The Hip: Preservation, Replacement and Revision

Conversion of Fused Hip to THR


- Discussion:
    - can reduce back and knee pain;
    - improved ability to sit for longer periods of time;
    - increased incidence of dislocation;
    - indications for conversion:
          - painful pseudarthrosis
                - pseudorthrosis rates are 0-10% using modern techniques for fusion;
                - be sure to rule out infection;
          - mechanical low back pain - most frequent complaint of patients with fused hips;
                - multi-level arthritic changes seen in LS spine 32.9 years following fusion (Amstutz et al, (1975));
                - malposition (especially increased abduction) is a major cause;
                - excessive leg length inequality also causes LBP over time;
                - Total joint replacement for ankylosed hips.
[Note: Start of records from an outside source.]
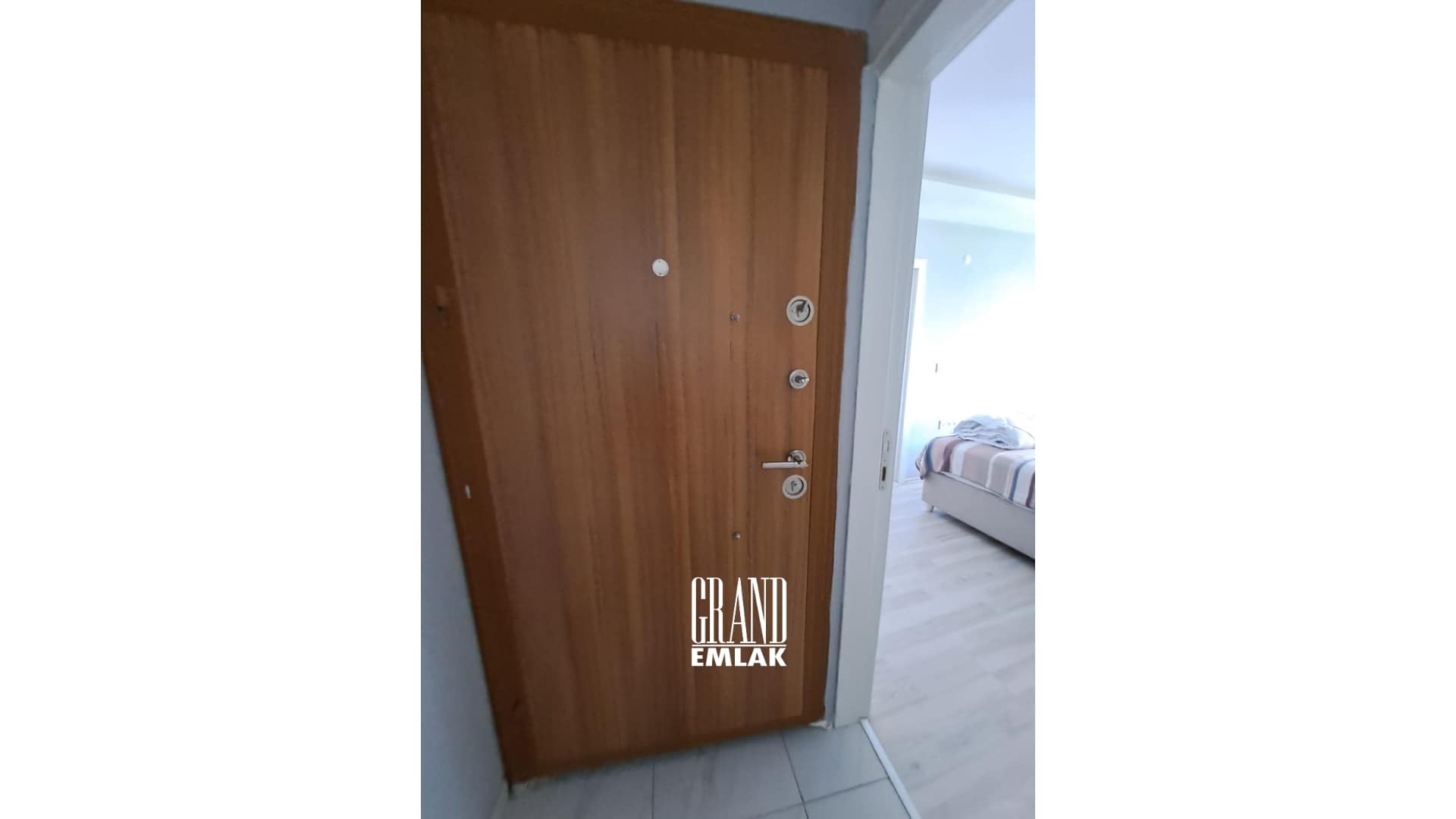 Antalya Deniz Mahallesi’nde Eşyalı 2+1 Kiralık Daire (10)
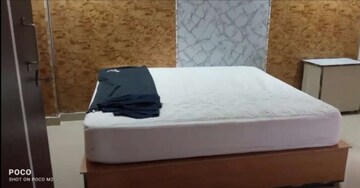 Bedroom in 1 BHK Apartment at Husainganj – for Rent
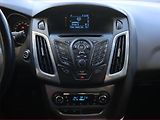 Ford Focus (2013) 1.6 TDCi, Serv.kniha, nová STK - náhled 12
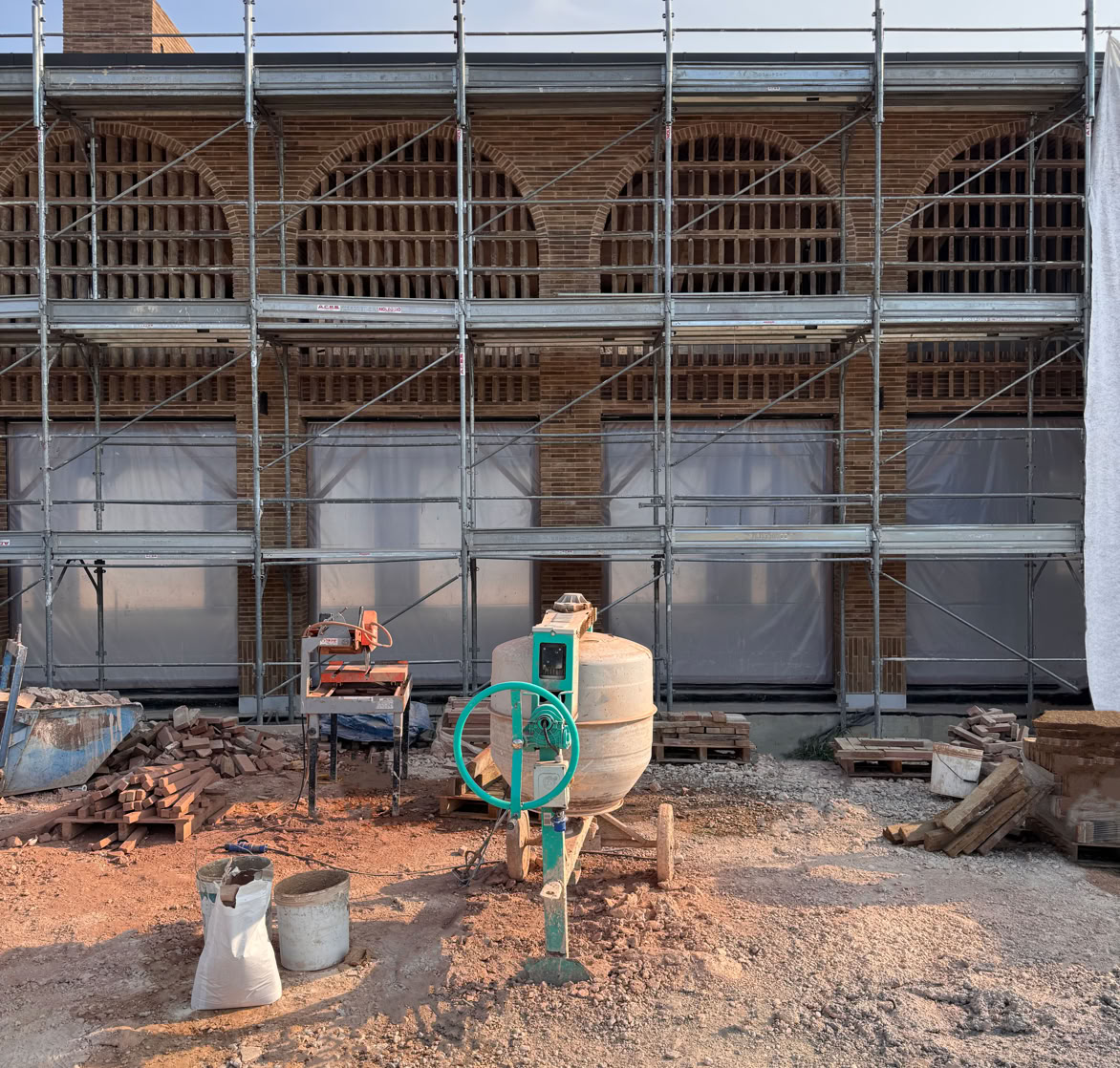 Dettaglio della posa dei mattoni nella villa sul lago in provincia di Padova in costruzione, progettata da MIDE architetti.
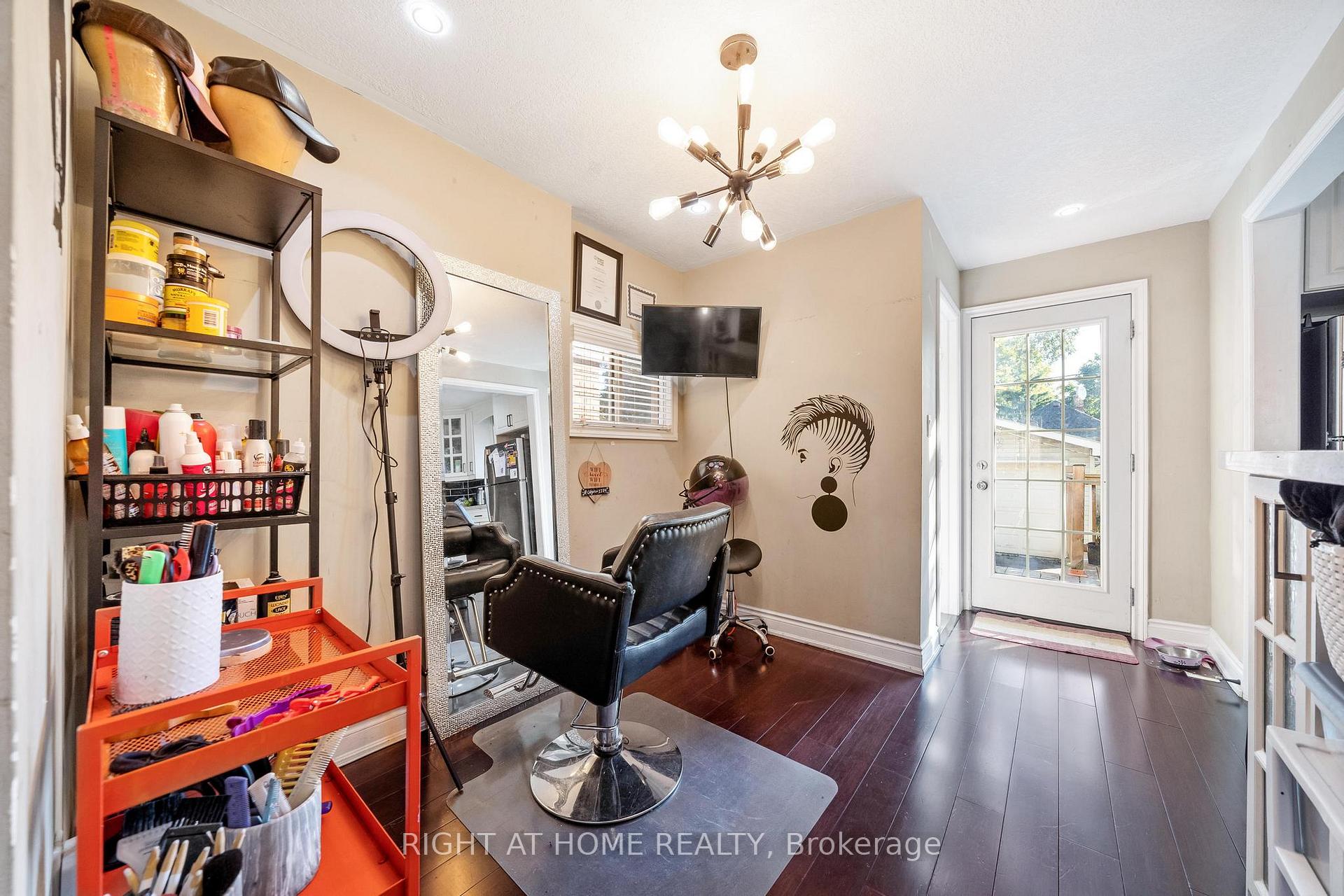 Photo 5 of 118 Barons Avenue N, Hamilton, Homeside — HOMEH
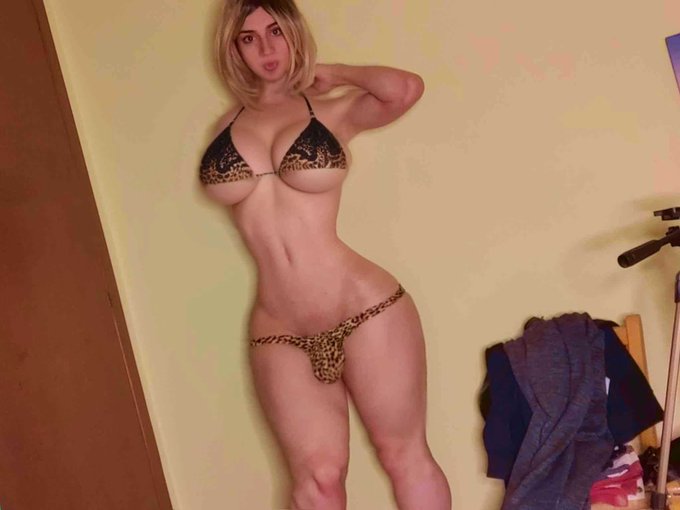 another bikini !!!!  DM if you want something personalized or a videocall https://t.co/r8vwNob6aw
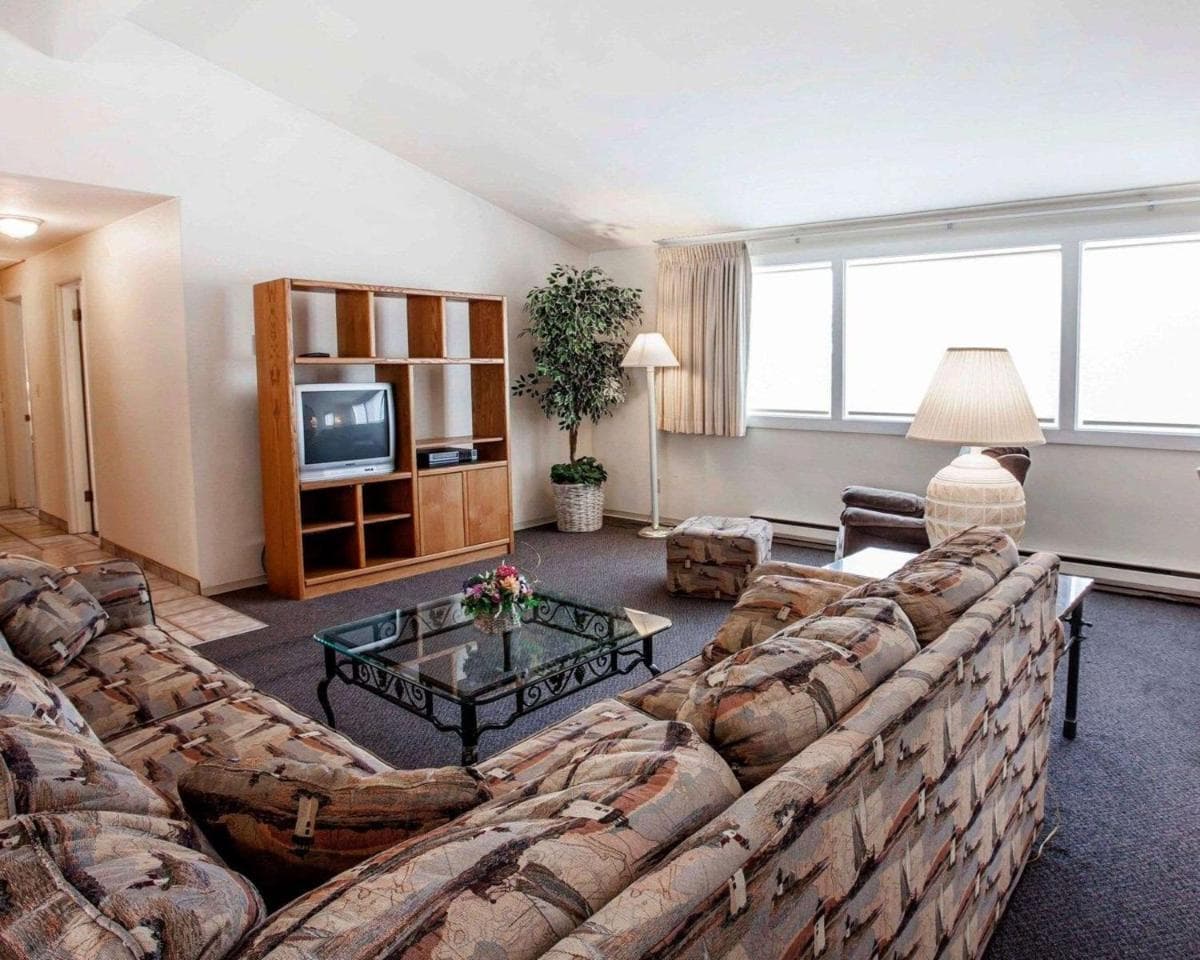 Quality Inn & Suites Bremerton near Naval Shipyard gallery photo in Bremerton, WA — image 25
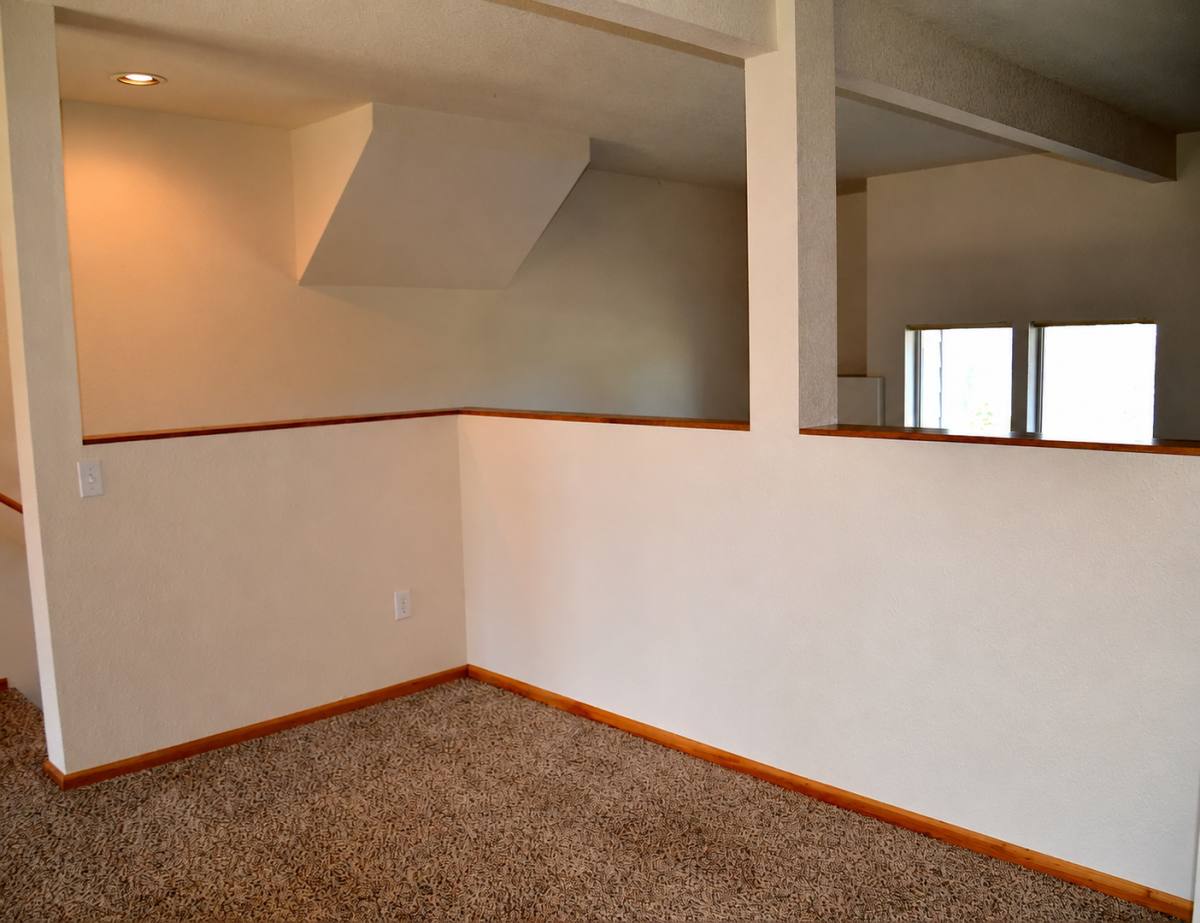 Townhouse for rent at 5450 SW Windflower Ave, Corvallis, OR 97330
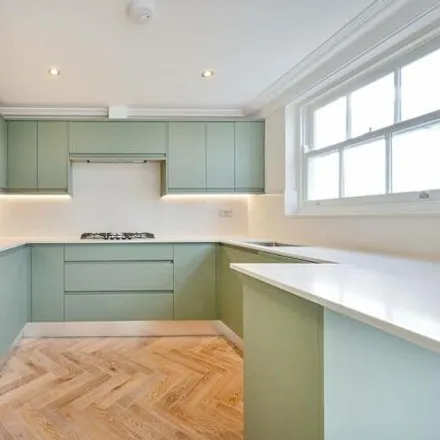 Image 3 - 47 Rosebank Road, London, W7 2EW, United Kingdom - Apartment for sale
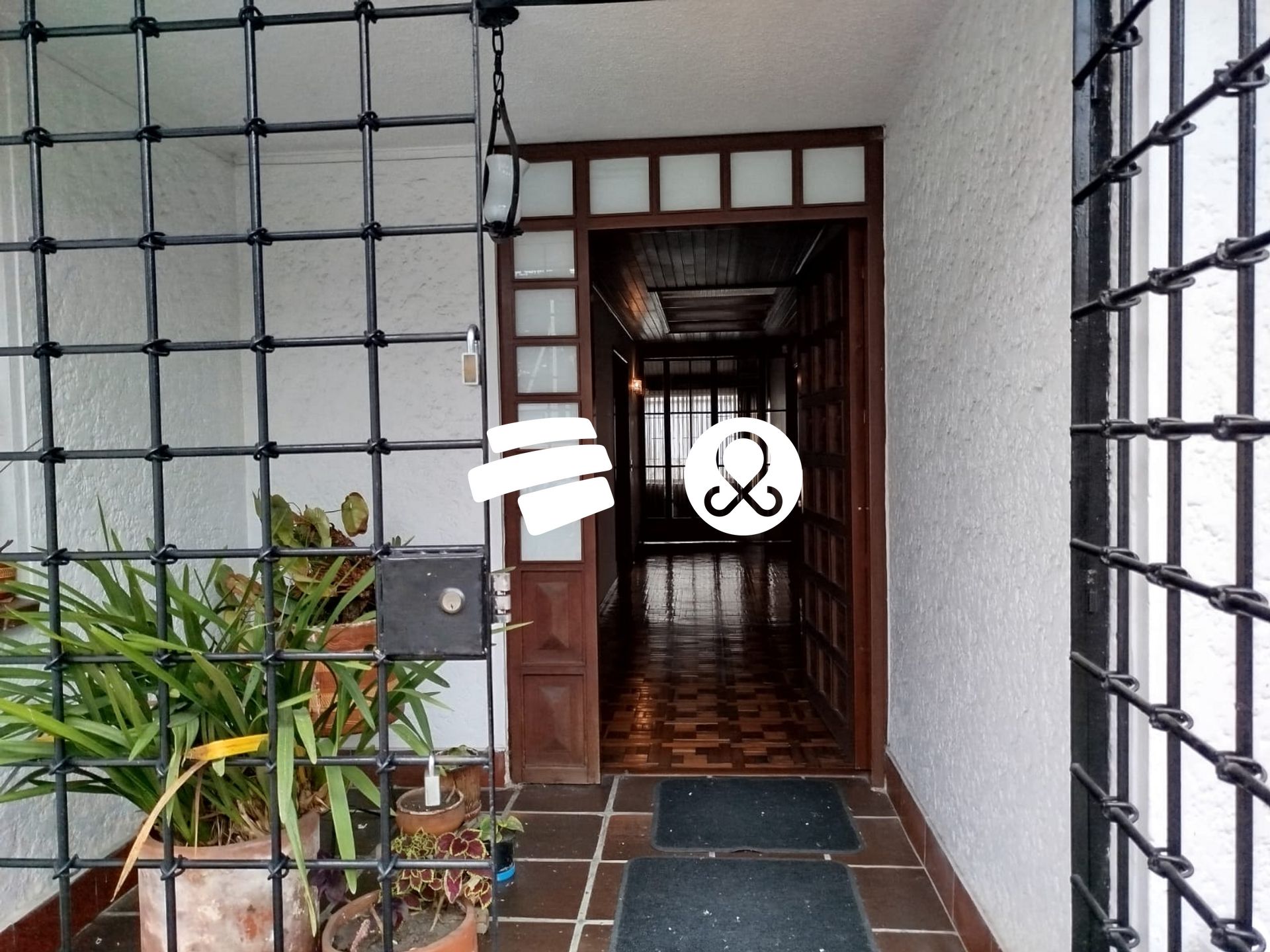 Casa en venta en Cedritos, Bogotá · foto 2 de 24
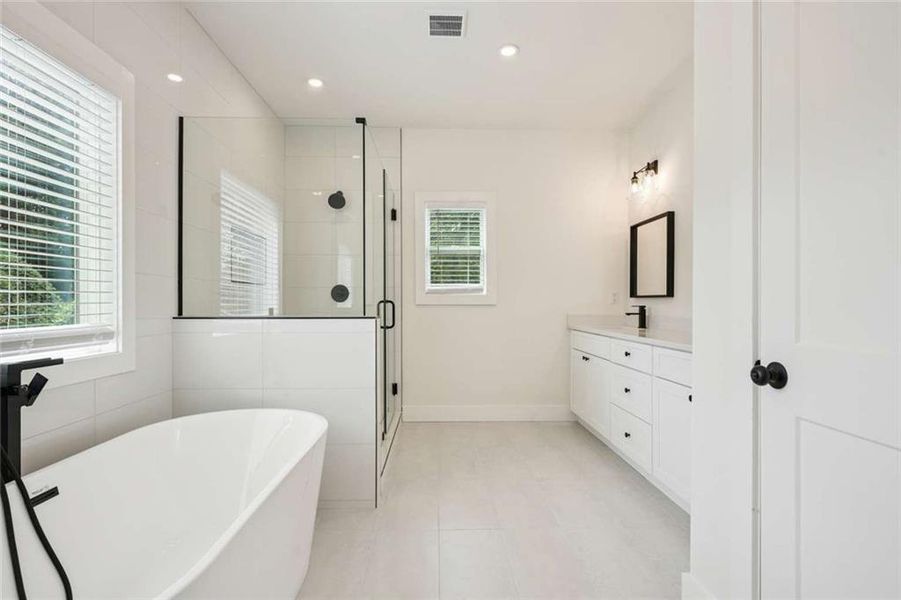 Furnished interior view inside a new home in , Atlanta (Image 6).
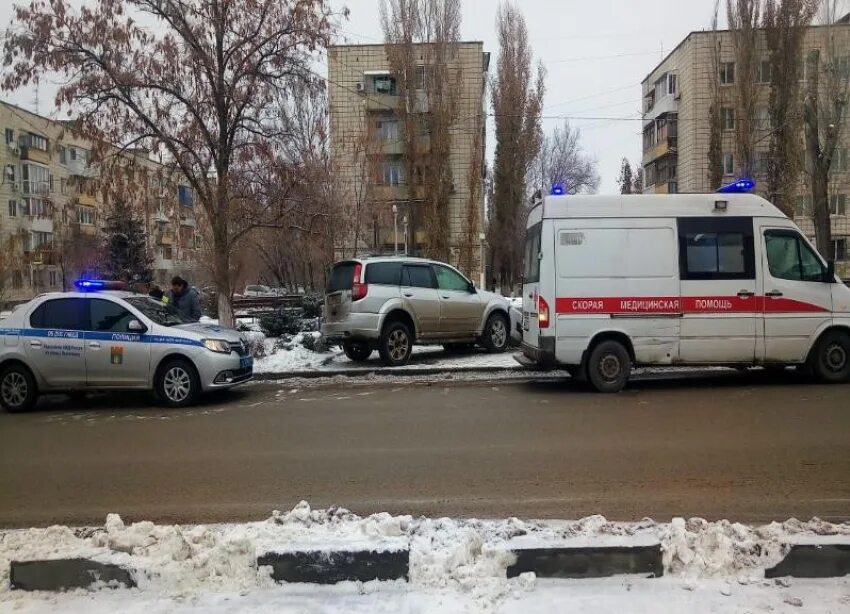 Волгоградское чп. Авария в Волгограде Кировский район. Авария в Волгограде Кировский рай. Авария в Кировском районе Волгограда вчера. ДТП В Волгограде в Кировском районе вчера.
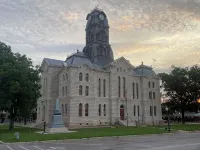 New Cozy 1 Bedroom/Bath Place Only 5 Minutes to Granbury’s Historic Square/Lake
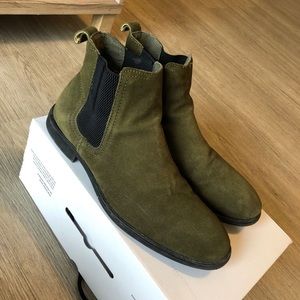 Steve Madden suede Chelsea boots in Khaki Moss (M, 12US/45EU)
Indications , technique, and preliminary results.
          - knee pain/instability - ipsilateral pain if the hip is fused with increased adduction;
                - contralateral pain more likely with increased hip abduction;
          - contralateral hip pain - rarely on isolated problem;
    - preoperative evaluation:
          - ensure that patient has a good indication for conversion
          - exam to check skin incisions, leg lengths, nerve function;
          - AP pelvis and cross table lateral to identify bone stock, hardware;
          - Judet views are helpful to identify anterior or posterior column deficiencies;
          - these plain films also help assess the status of the greater trochanter;
          - it will sometimes be insufficient due to prior surgery or insufficient growth secondary to pediatric pyarthrosis;
          - CT scan can sometimes be helpful for identifying bone stock, the proximity of heterotopic bone to neurovascular structures and 
                 abductor muscle mass;
    - surgical approach:
          - we prefer a standard posterior approach though others report success with a direct lateral or a trans-trochanteric approach;
          - we have 3 indications for an trochanteric osteotomy:
                 - exposure;
                 - to decrease injury to atrophied/weakened abductors during the case;
                 - advancement at the end of the case to improve stability
          - existing hardware should be removed if it limits exposure or if it is in the way of component placement;
          - heterotopic bone should be removed as is possible.
          - old hardware can often guide one to the correct plane for bone removal;
          - neck cut in situ:
                 - care must be taken since Amstutz has described 2 eases where cuts were too proximal resulting in fractures of the pubis and the 
                        ischium;
                 - if in doubt, place guide pins and obtain a radiograph;
                 - soft tissue releases (ilio psoas, adductors, etc.) are frequently required;
    - acetabular component:
          - structural grafting is sometimes required;
          - one should be prepared to cement the socket if the shell has <50 % contact with native bone;
          - a constrained liner is frequently required because of insufficient soft tissue tension post-op (esp. abductors);
    - femoral component:
          - we recommend modular femoral components in order to restore hip mechanics and improve hip stability;
          - uncemented stems are sometimes useful if screw holes are present in the proximal femur;
          - if cement is used, unicortical screws can be placed in the femur to keep cement in the canal;
          - if the trochanter is bald and there are no abductors, the proximal femur can be sewn to the tensor fascia lata anteriorly and te gluteus 
                 maximus and ITB posteriorly;
    - results:
          - relief of low back pain occurs 70-95% of the time
          - leg lengths can usually be improved
          - ipsilateral knee pain typically improves but it persists in at least 1/3 (especiailly if instability was a problem pre-op)
          - a trendelenberg gait typically persists though abductor function improves for 2-5 years;
          - results from conversion of spontaneous fusions are typically better than results of conversion of surgical fusions;
    - complications:
          - deep infection 1.9-15.3% (higher in conversion of surgical fusion)
          - dislocation 1.7 - 6.25%
          - sciatic nerve palsy 1.8-13.4%
          - femoral nerve palsy 3.6%


The treatment of the painful hip in cerebral palsy by total hip replacement or hip arthrodesis.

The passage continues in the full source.